Brief descriptive captions
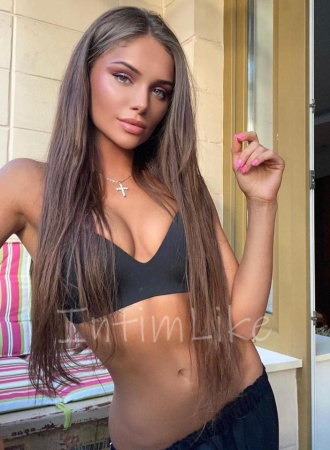Индивидуалка Джессика №7190, 21 лет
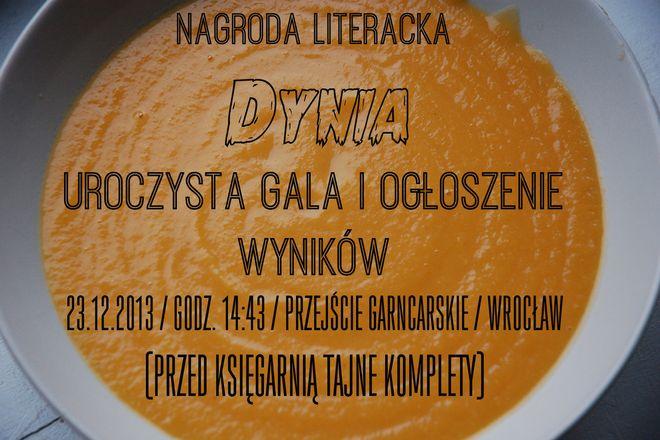 materiały organizatora 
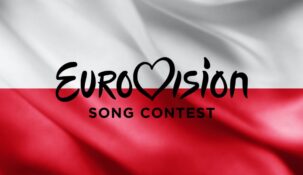 top 10 polska eurowizja
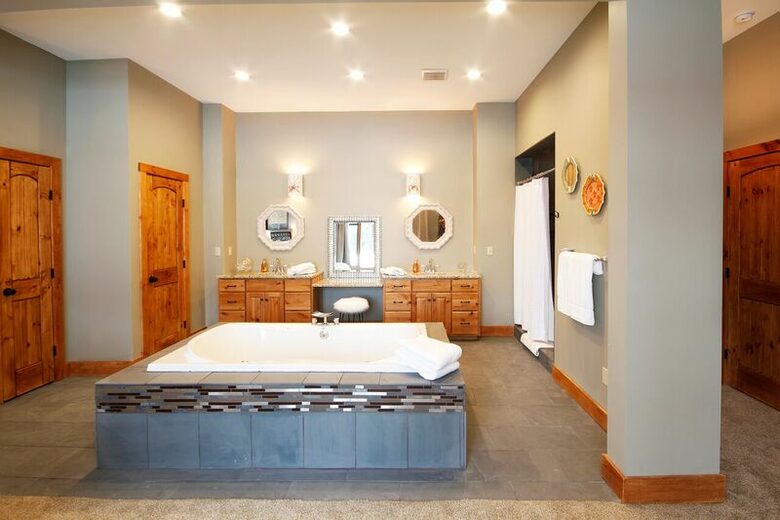 Camp SonShine - Lake Placid, New York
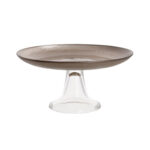 Klaasvaagen CAKE PLATE D22cm Lauanõud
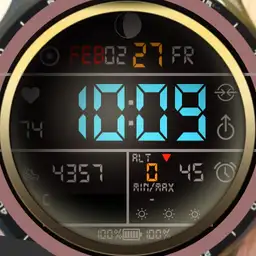 Minimal 6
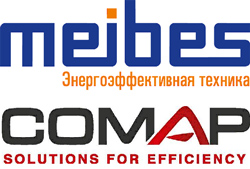 «Майбес» объявляет о начале поставок продукции COMAP в России
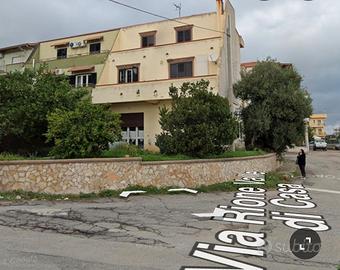 Villa Torre Melissa su 3 livelli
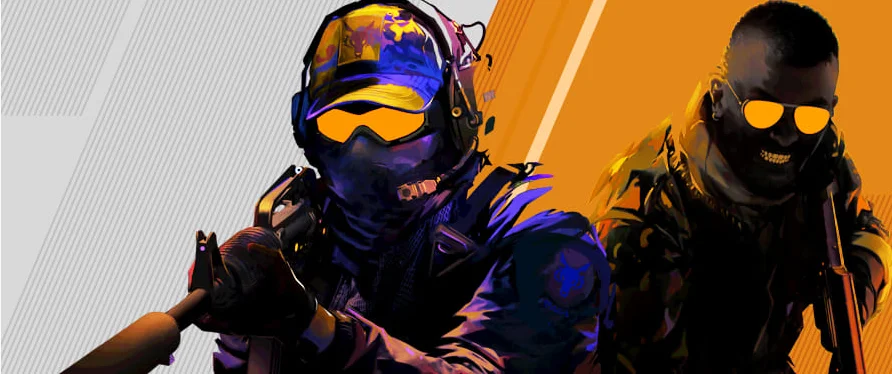 Скачать Counter-Strike 2 (КС 2) Без вирусов - CS 2 проверенная сборка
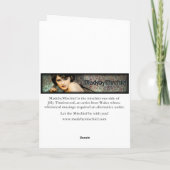 永久に カード (裏面)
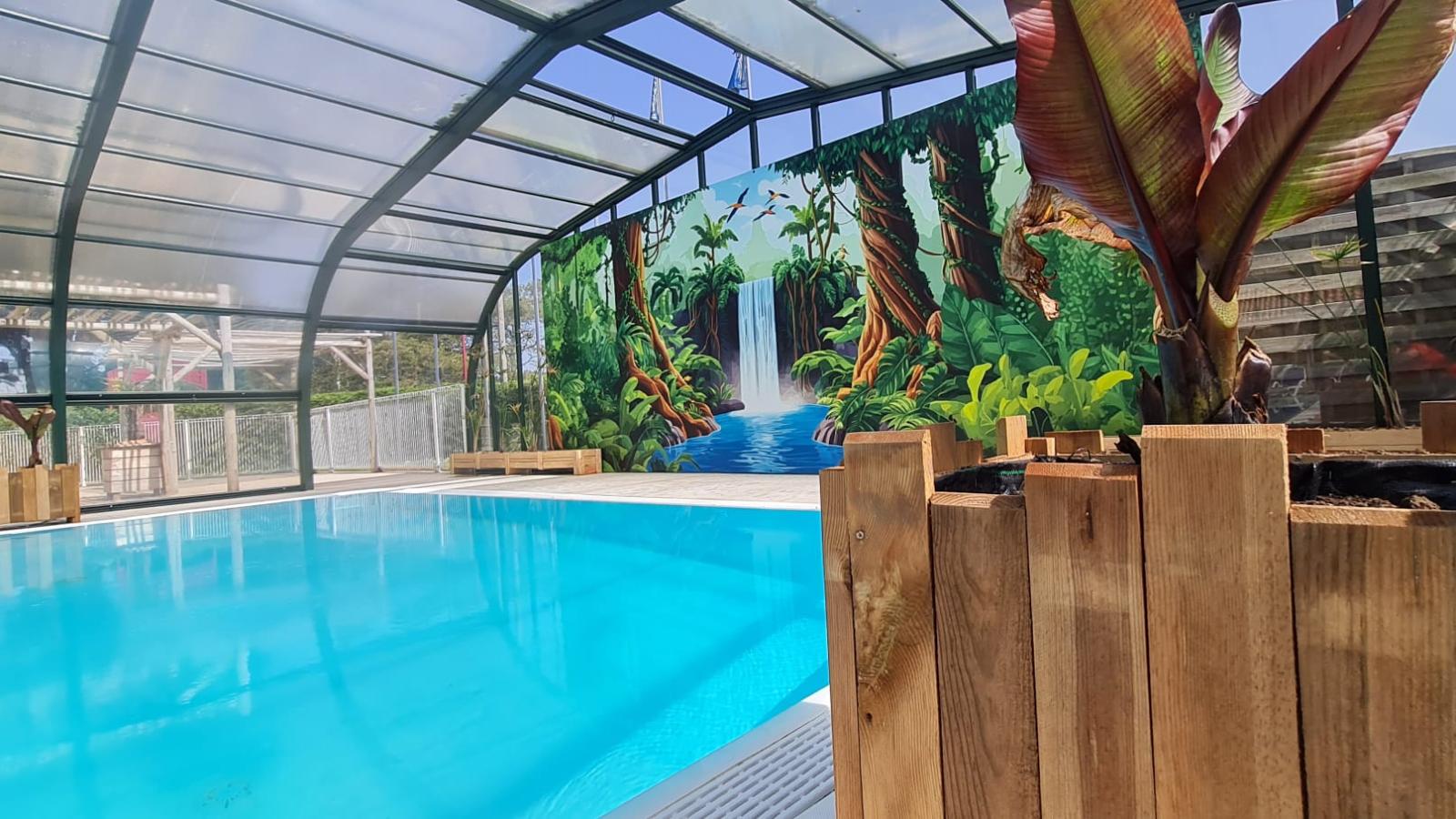 Camping L'Estuaire � Paimboeuf Diapo 1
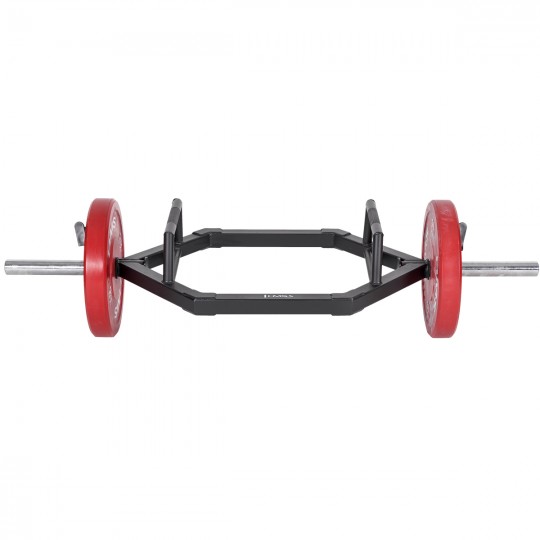 GHX02B GRYF HEKSAGONALNY 28KG 1700MM HMS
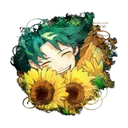 ⋆˙   MHA : A Hero's Journey  𑁤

● What the task requires: The entries above are to be reproduced exactly, with the pictures dropped.

● Reply:
Индивидуалка Джессика №7190, 21 лет
 materiały organizatora 
 top 10 polska eurowizja
 Camp SonShine - Lake Placid, New York
 Klaasvaagen CAKE PLATE D22cm Lauanõud
 Minimal 6
 «Майбес» объявляет о начале поставок продукции COMAP в России
 Villa Torre Melissa su 3 livelli
 Скачать Counter-Strike 2 (КС 2) Без вирусов - CS 2 проверенная сборка
 永久に カード (裏面)
 Camping L'Estuaire � Paimboeuf Diapo 1
 GHX02B GRYF HEKSAGONALNY 28KG 1700MM HMS
 ⋆˙   MHA : A Hero's Journey  𑁤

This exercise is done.